INTRODUCTION TO HADOOP
Hadoop is now-a-days one of the most popular open source implementation of Map-Reduce which is a powerful tool designed for deep analysis and transformation of large data. Hadoop helps you to explore complex data, using custom analysis to your information and questions. Hadoop, system that allows unstructured data to be distributed across hundreds & thousands of different machines forming shared clusters. Hadoop owns an individual file system which replicates data on multiple nodes ensuring that if one node that holds data goes down, there are at least 2 other nodes from which data can be retrieved. This protects the data and ensures data availability from node failure, something which is critical when there are many nodes in a cluster (RAID at a server level).
HOW HADOOP WORKS?
Hadoop reduces communication which can be performed by the processes, as each individual record processing is done by a task in isolation from one another. While this sounds like a limitation at first, but it makes the whole framework much more reliable.
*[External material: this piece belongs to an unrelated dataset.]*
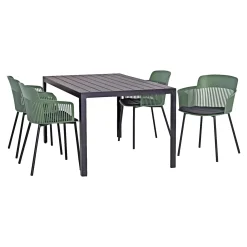 OUTRIUM TOSCANA/LAGOS MED 4 STOLE HAVEMØBELSÆT SORT/GRØN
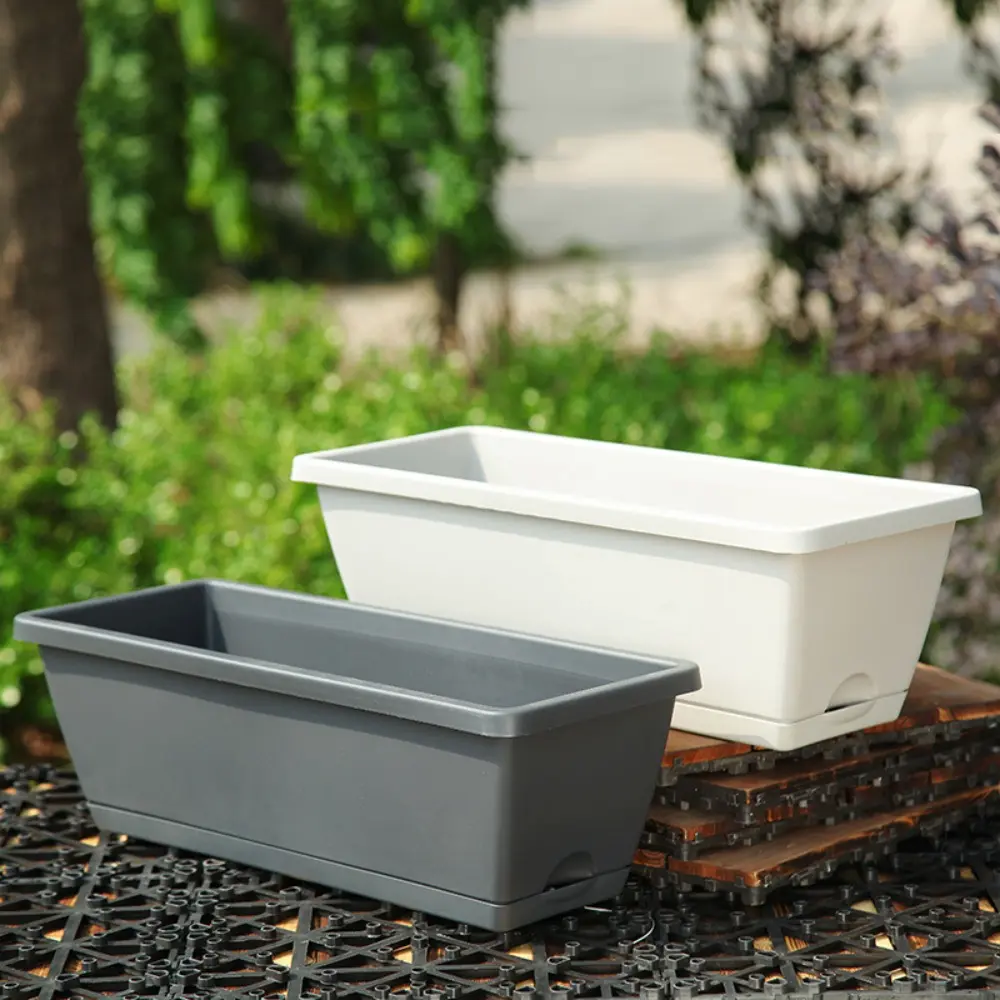 Plastic Eco-friendly Breathable Rectangular Flower Pot New with Tray Drain Hole Vegetable Planter Garden Supplies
Hadoop will not just run any program and distribute it across every cluster. Programs must be written in such a way that it conforms to a particular programming model, named "Map-Reduce."
In Map-Reduce, records are processed in isolation with the help of tasks called Mappers. The output from retrieved from Mappers is then brought together into a second set of tasks, Reducers, where results from different mappers are merged together.
Pieces of data can be provided with key names which inform Hadoop about how to send related bits of information to common destination node. Hadoop internally manages all of the data transfer and cluster topology issues.
By restricting the communication between nodes, Hadoop helps in making the distributed system much more reliable. Individual node failures can be repaired by restarting tasks on another machines. User-level tasks do not communicate explicitly with one another, neither messages need to be exchanged by user programs, nor do nodes need roll back to pre-arrange the checkpoints to partially start the computation. The other nodes continue to operate as though nothing went wrong, leaving the challenging aspects of partially restarting the program to the underlying Hadoop layer.